Young Chekhov, National Theatre | reviews, news & interviews
Young Chekhov, National Theatre
Young Chekhov, National Theatre
Chekhovathon builds to a shattering climax
"Yes, from life," Nikolai Ivanov (Geoffrey Streatfeild) says in passing of a painting midway through the early Chekhov play that bears his name. But the phrase could serve as the abiding achievement of the largely thrilling triptych of plays that has transferred from Chichester to the National under the banner title Young Chekhov.
Here, as Ivanov's fleeting remark implies, is life in all its often despairing amplitude, and if the net result of Chekhov's worldview across eight hours is paradoxically exhilarating, that's because few writers see life so completely in the round. You emerge from the eight-hour marathon (excluding meal breaks etc.) drained but invigorated and ready to face another day – which is more than can be said for a Russian landscape in which all too few of his title characters make it to the end of their plays alive.

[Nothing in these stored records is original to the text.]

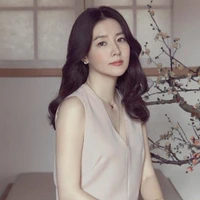 จื่อรั่ว(แม่นางเอก)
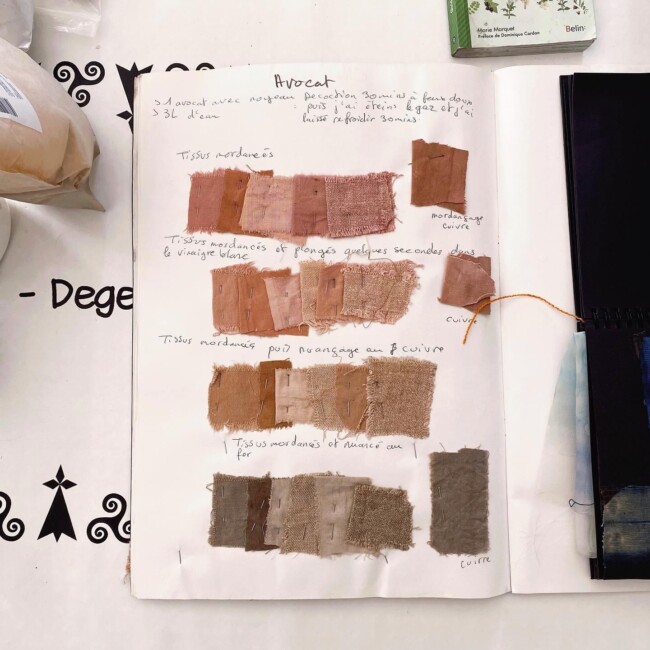 Nuancier de Jodie Camus, avec plusieurs échantillons de tissu teints avec de l’avocat, plus ou moins longtemps, pour obtenir différentes teintes.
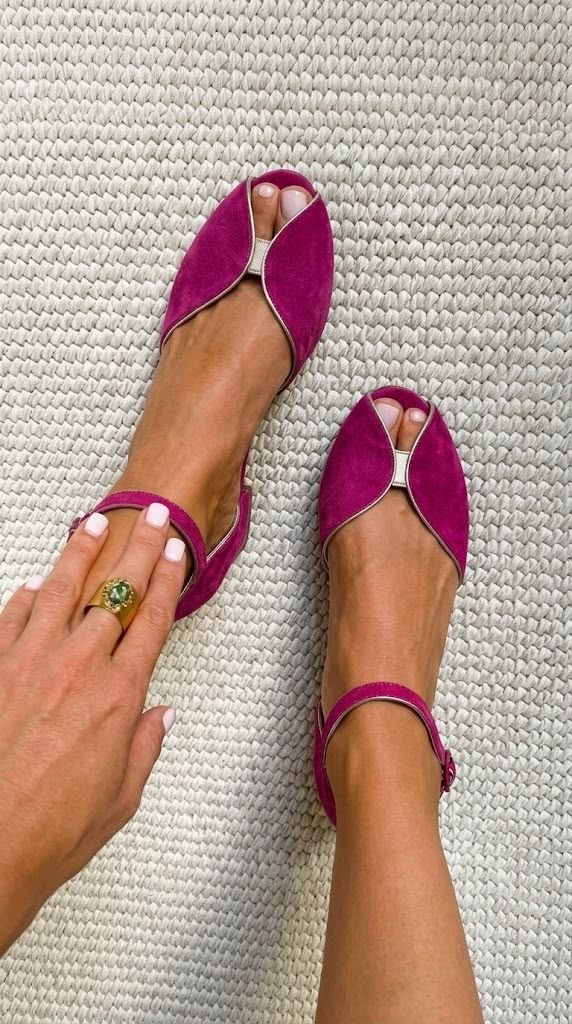 Elegante Peep-Toe Ballerinas aus Wildleder in Blau mit metallic Akzent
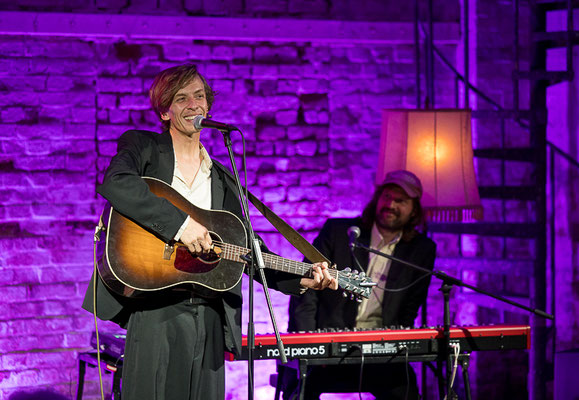 Eventfotografie Gitarrist Bühne lila Licht Live Musik Rhein Main, Professionelle Eventfotografie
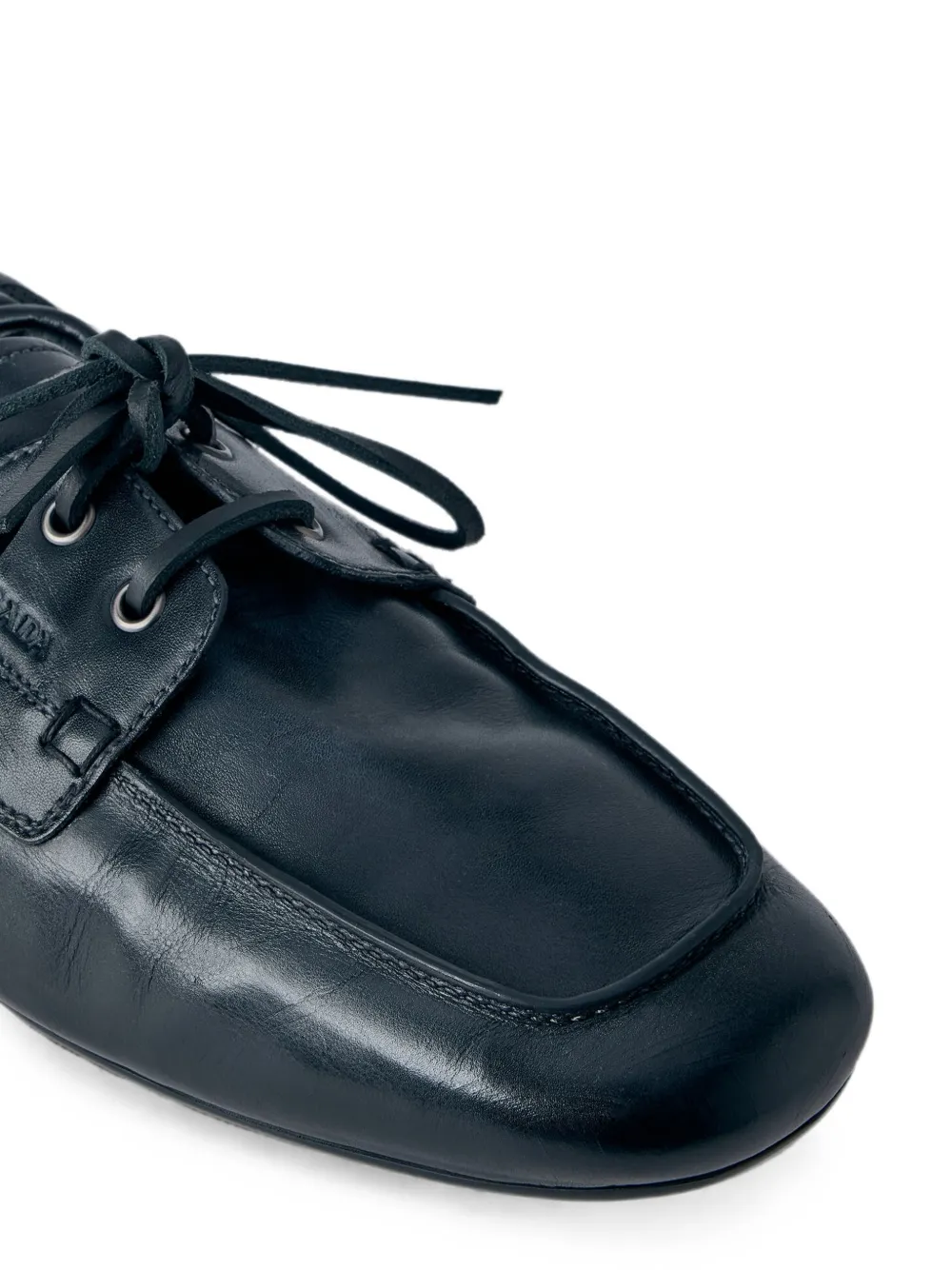 Prada shuffle antiqued leather laced shoes Zwart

The director, Jonathan Kent, has directed both Platonov and Ivanov before, both in the David Hare versions used here, albeit with tweaks and changes of emphasis that Hare has addressed in a helpful prefatory essay in the published text. And of those two, Platonov (★★★★★) in this rendering proves the greater revelation: a portrait of consumptive self-loathing that, against the odds, exists a hair's – Hare's? – breadth away from farce, and that allows the wonderful James McArdle (pictured right) to command centre-stage in the same space where he previously dominated a separate triptych two years ago with Rona Munro's The James Plays.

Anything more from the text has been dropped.